--- RECORDS SUPPLIED Enclosed Below ---

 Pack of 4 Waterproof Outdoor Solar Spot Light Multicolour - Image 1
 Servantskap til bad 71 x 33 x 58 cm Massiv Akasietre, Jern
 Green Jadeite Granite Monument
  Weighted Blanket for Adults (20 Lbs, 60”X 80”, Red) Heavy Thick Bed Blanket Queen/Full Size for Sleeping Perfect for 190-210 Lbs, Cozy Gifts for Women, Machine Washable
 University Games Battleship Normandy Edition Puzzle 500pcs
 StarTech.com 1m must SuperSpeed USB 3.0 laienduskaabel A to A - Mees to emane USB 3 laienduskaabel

--- End of Enclosed RECORDS SUPPLIED ---
--- RECORDS SUPPLIED Enclosed Below ---

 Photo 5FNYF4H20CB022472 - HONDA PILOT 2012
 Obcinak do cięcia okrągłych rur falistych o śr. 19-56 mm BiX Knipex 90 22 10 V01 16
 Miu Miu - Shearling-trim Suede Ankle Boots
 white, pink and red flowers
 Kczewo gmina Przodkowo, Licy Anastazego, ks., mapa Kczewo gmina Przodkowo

--- End of Enclosed RECORDS SUPPLIED ---

# BRIEF
Look back at the entries above. Retype the line with "University Games Battleship", the line with "StarTech.com 1m must", and all lines in between.

# EXERCISE RESULT
 University Games Battleship Normandy Edition Puzzle 500pcs
 StarTech.com 1m must SuperSpeed USB 3.0 laienduskaabel A to A - Mees to emane USB 3 laienduskaabel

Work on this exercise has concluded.